Audrey can’t even take off her dark glasses inside her home – a house that her chaotic but well-meaning family fill to the brim with their big personalities. Despite the heavy subject, Finding Audrey has several moments of levity. The LOLs are provided by Audrey’s over-protective mum, Anne, who is easily the scene stealer throughout.
Did Kinsella base Anne on anyone she knows? “Actually, no. But my children assume it is me,” she answers, the wryness coming across even in an e-mail. “In fact, every mother I know says their children think the mum is based on them.”
Like all of Kinsella’s fictional creations, Audrey is a flawed character with her insecurities and moody temperament. “I don’t intentionally think, ‘What flaw shall I give this character?’” says Kinsella. “But everyone is flawed in one way or another, and it is from the flaws and humanity in each character that you get the drama, fun, and romance.”
Asked what qualities in Audrey are apparent in her, Kinsella replies, “I’m very close to my family, and this is one of Audrey’s strongest characteristics.”
Kinsella hopes that teen readers will be inspired by Audrey’s journey. “I hope they laugh and are touched … she is so brave and good-humoured and her story is a positive one.

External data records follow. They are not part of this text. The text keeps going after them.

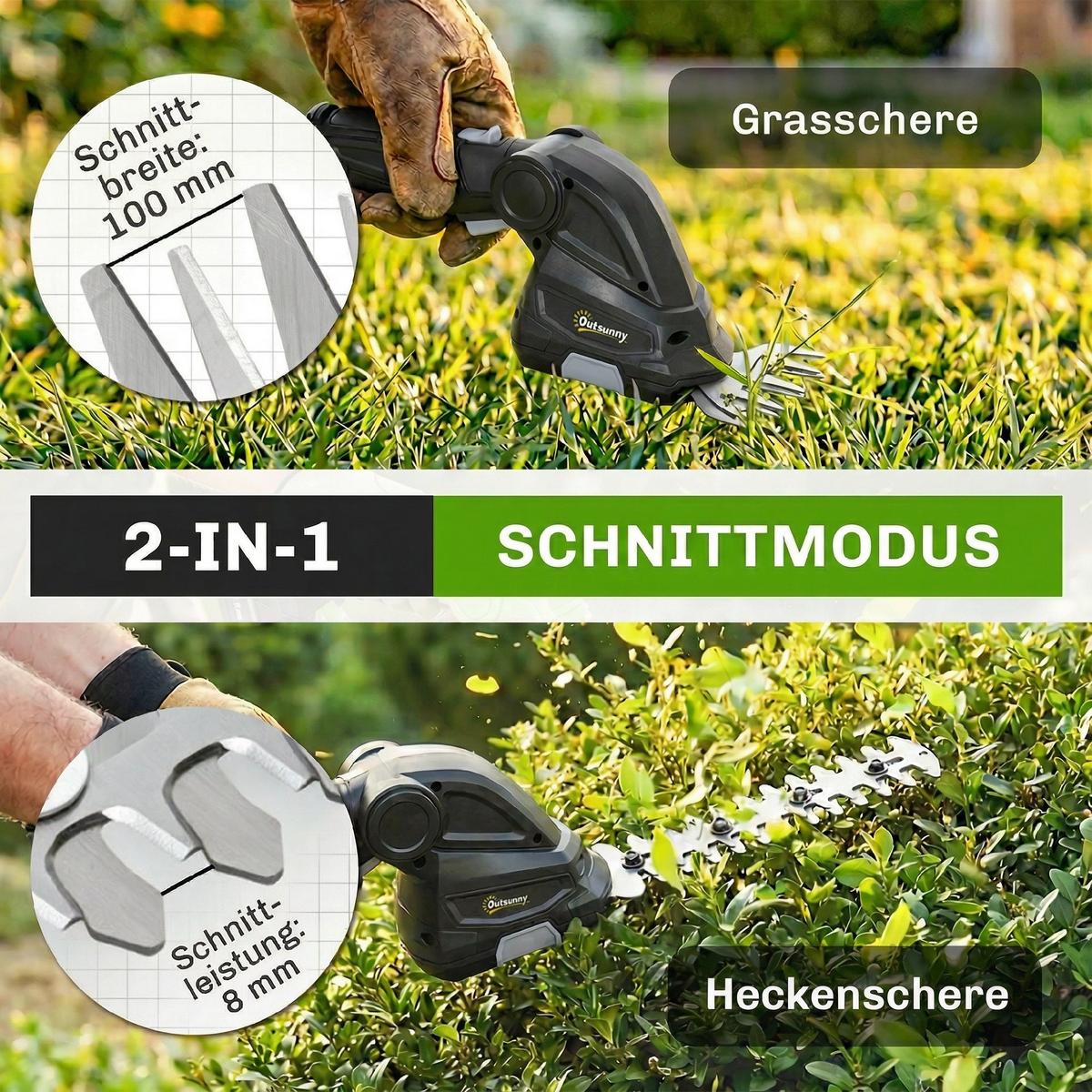 HECKENSCHERE ABS 65Mn Schwarz - Schwarz, Kunststoff (8.5/12/47cm) - Outsunny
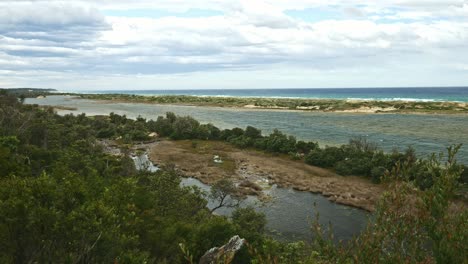 View-from-the-lookout-of-Frenches-Narrows,-in-the-the-Snowy-River-Inlet-at-Marlo,-Gippsland,-Victoria,-Australia,-December-2020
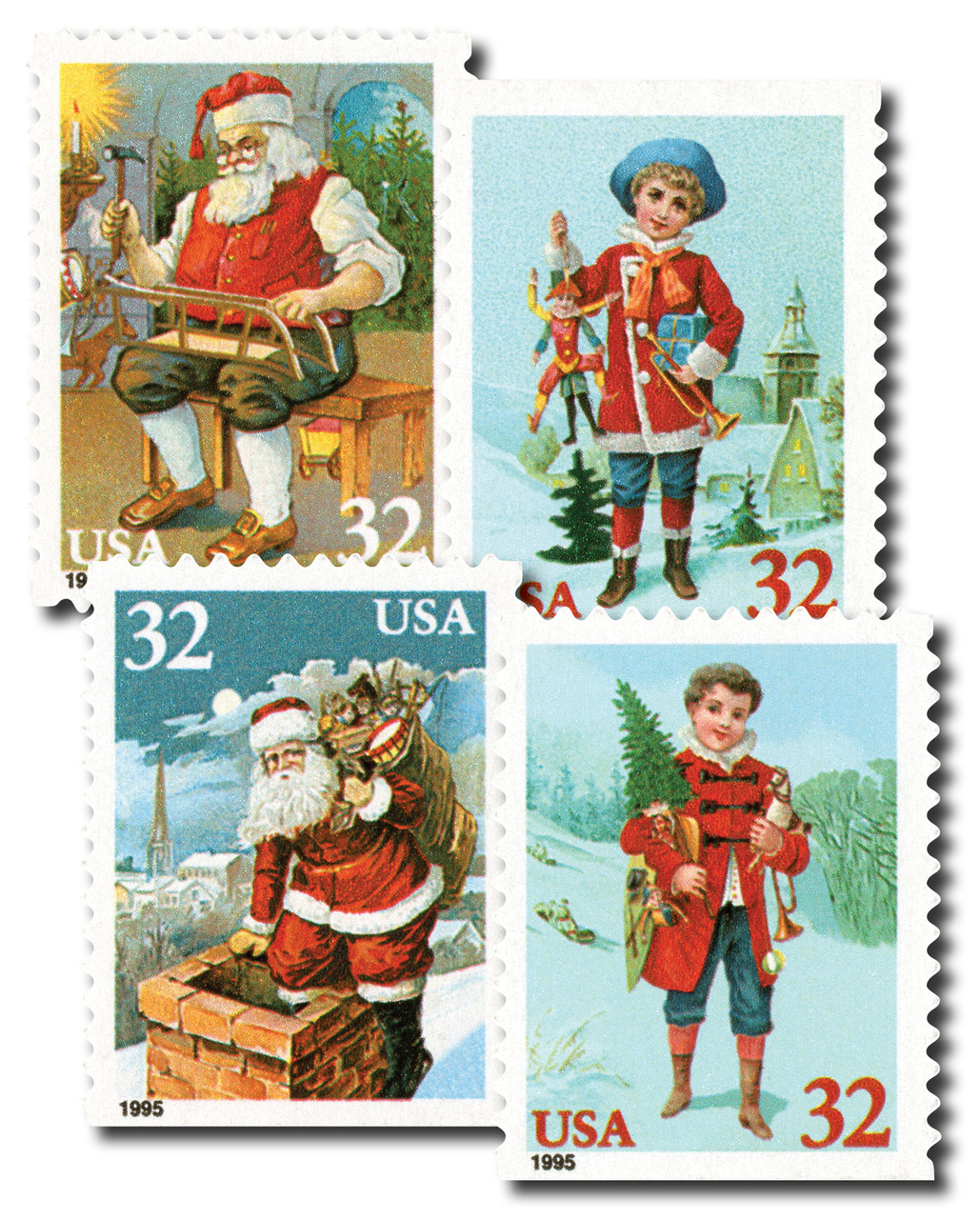 3008-11 - 1995 32c Santa & Children, booklet stamps - Mystic Stamp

I hope that anyone suffering from anxiety, bullying or even just teenage woes can take heart from her.
“I also hope the book entertains parents of teens, though they’ll probably read it in quite a different way!” adds Kinsella, who just finished reading Wonder, a children’s novel by R.J. Palacio.
“It’s the story of August, a boy with acute facial disfigurements, who is venturing into the world of school for the first time,” explains Kinsella.
“The author lets us witness his journey from multiple viewpoints, reflecting his family and community. It’s thoughtful but never preachy. A great book.”
Last question: If Finding Audrey is ever made into a movie a la Shopaholic, which current actress best personifies her character?
“That’s really tricky,” says Kinsella. “Actually, I can’t imagine a well-known actress in the role, because Audrey is so individual. It would have to be a brilliant unknown teenage actress. Do you know any?”